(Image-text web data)
+ + + +
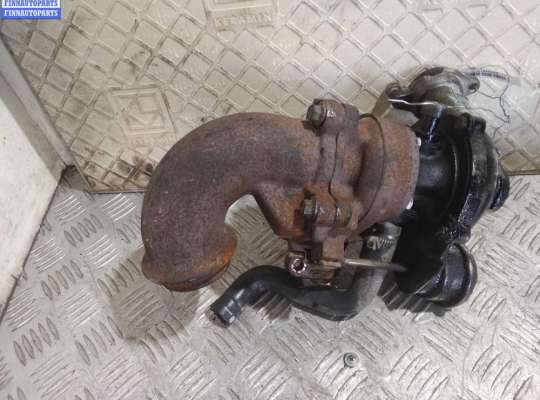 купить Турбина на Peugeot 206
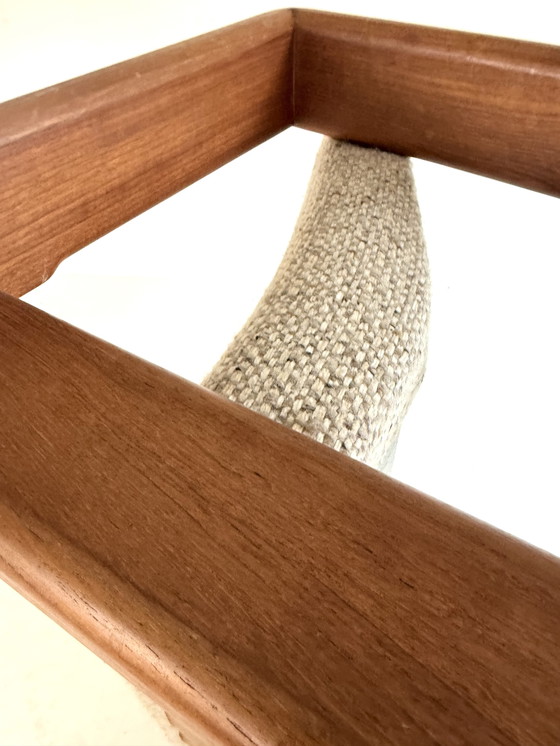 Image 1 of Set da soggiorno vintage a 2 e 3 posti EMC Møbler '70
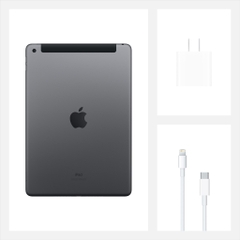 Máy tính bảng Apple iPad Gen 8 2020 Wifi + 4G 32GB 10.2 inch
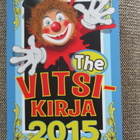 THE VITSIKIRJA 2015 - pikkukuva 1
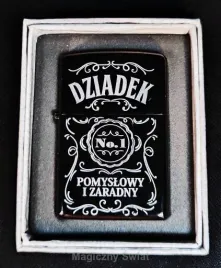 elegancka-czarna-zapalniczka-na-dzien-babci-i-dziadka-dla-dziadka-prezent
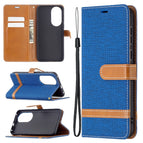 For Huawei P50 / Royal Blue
+ + + +
The expected answer is the data retyped exactly, without pictures.

 купить Турбина на Peugeot 206
 Image 1 of Set da soggiorno vintage a 2 e 3 posti EMC Møbler '70
 Máy tính bảng Apple iPad Gen 8 2020 Wifi + 4G 32GB 10.2 inch
 THE VITSIKIRJA 2015 - pikkukuva 1
 elegancka-czarna-zapalniczka-na-dzien-babci-i-dziadka-dla-dziadka-prezent
 For Huawei P50 / Royal Blue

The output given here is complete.